Required work —
Keep images out and repeat all data exactly.

Records from a data source
******
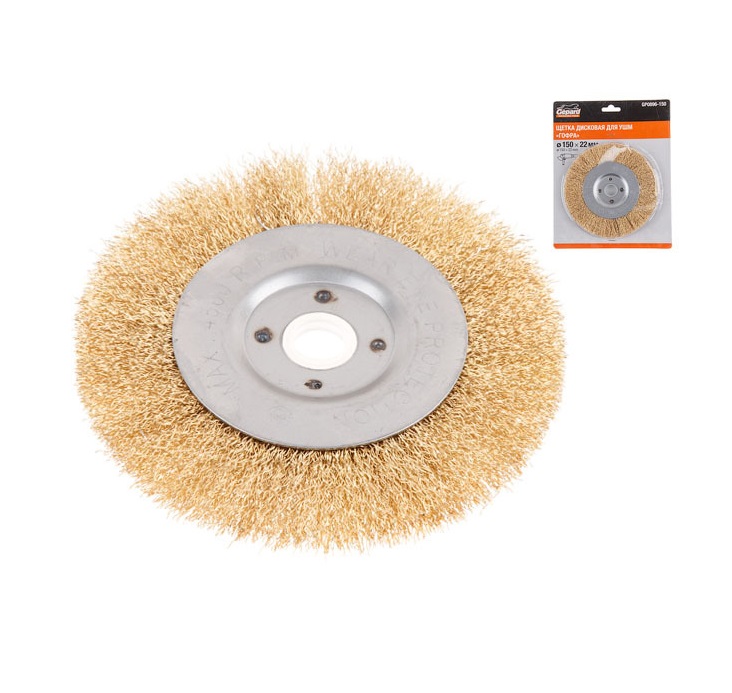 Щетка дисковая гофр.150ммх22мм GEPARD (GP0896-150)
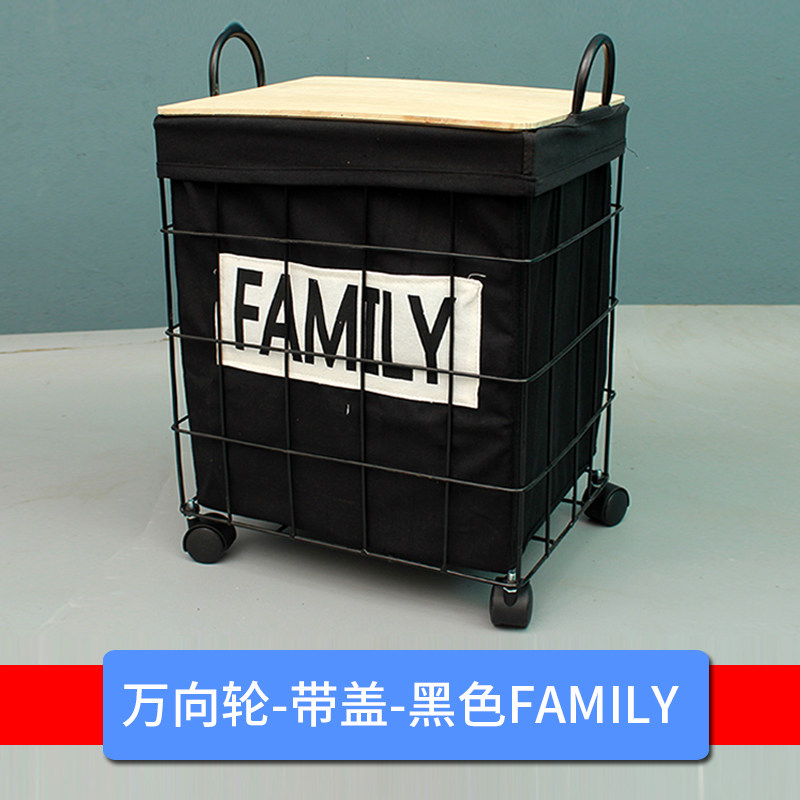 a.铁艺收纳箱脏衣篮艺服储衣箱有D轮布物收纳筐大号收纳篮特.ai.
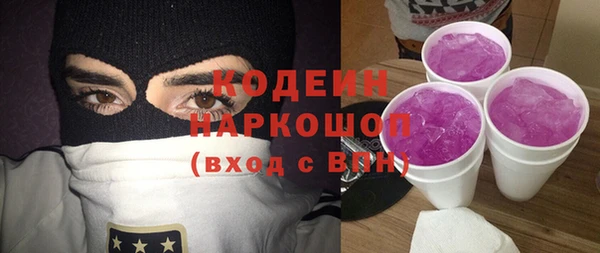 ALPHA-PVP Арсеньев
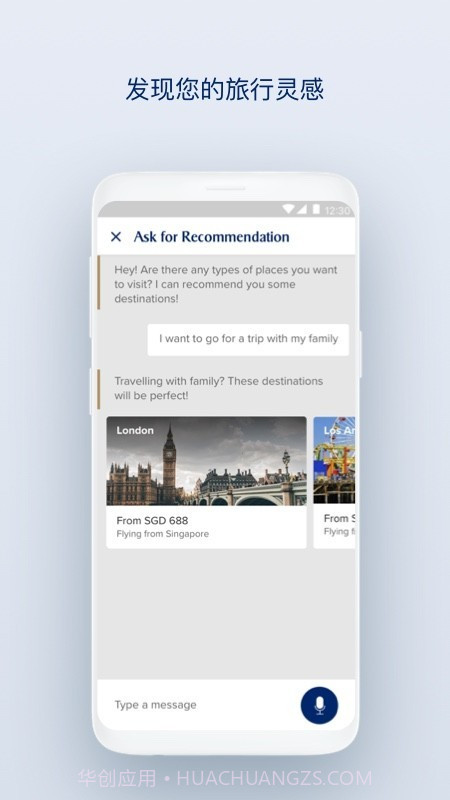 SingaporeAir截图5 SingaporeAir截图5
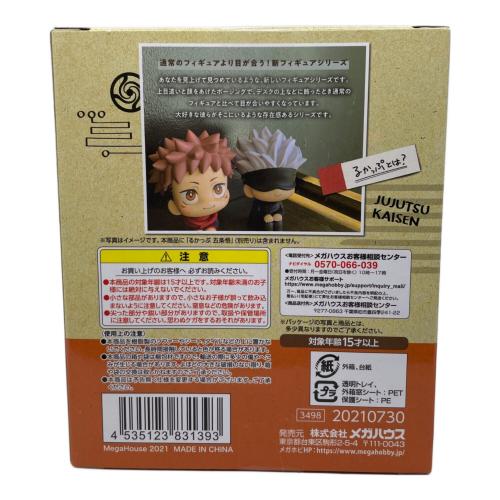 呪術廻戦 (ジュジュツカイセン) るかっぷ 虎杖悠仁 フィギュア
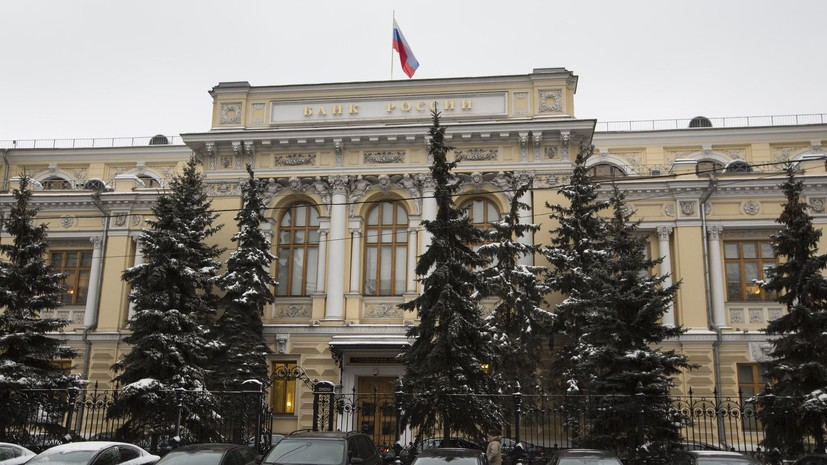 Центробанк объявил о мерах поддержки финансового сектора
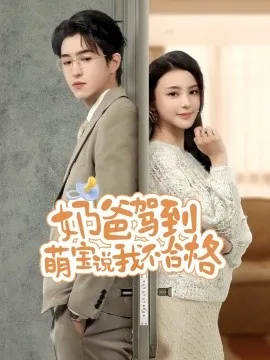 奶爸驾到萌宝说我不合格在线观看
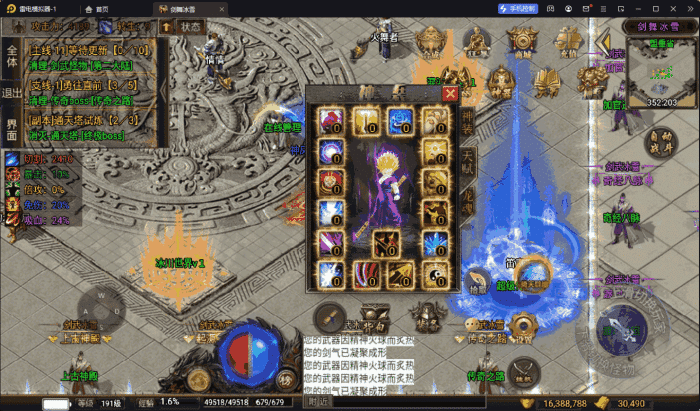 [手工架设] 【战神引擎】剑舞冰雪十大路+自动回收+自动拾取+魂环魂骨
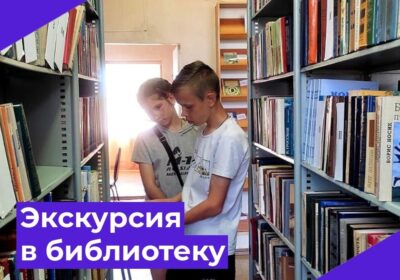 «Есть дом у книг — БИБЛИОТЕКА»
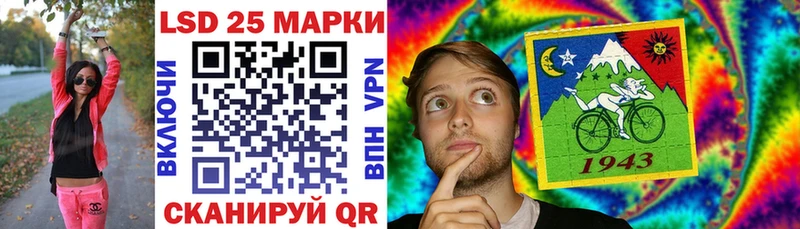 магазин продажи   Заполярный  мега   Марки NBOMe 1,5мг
******
Reply to the exercise —
 Щетка дисковая гофр.150ммх22мм GEPARD (GP0896-150)
 a.铁艺收纳箱脏衣篮艺服储衣箱有D轮布物收纳筐大号收纳篮特.ai.
 ALPHA-PVP Арсеньев
 SingaporeAir截图5 SingaporeAir截图5
 呪術廻戦 (ジュジュツカイセン) るかっぷ 虎杖悠仁 フィギュア
 Центробанк объявил о мерах поддержки финансового сектора
 奶爸驾到萌宝说我不合格在线观看
 [手工架设] 【战神引擎】剑舞冰雪十大路+自动回收+自动拾取+魂环魂骨
 «Есть дом у книг — БИБЛИОТЕКА»
 магазин продажи   Заполярный  мега   Марки NBOMe 1,5мг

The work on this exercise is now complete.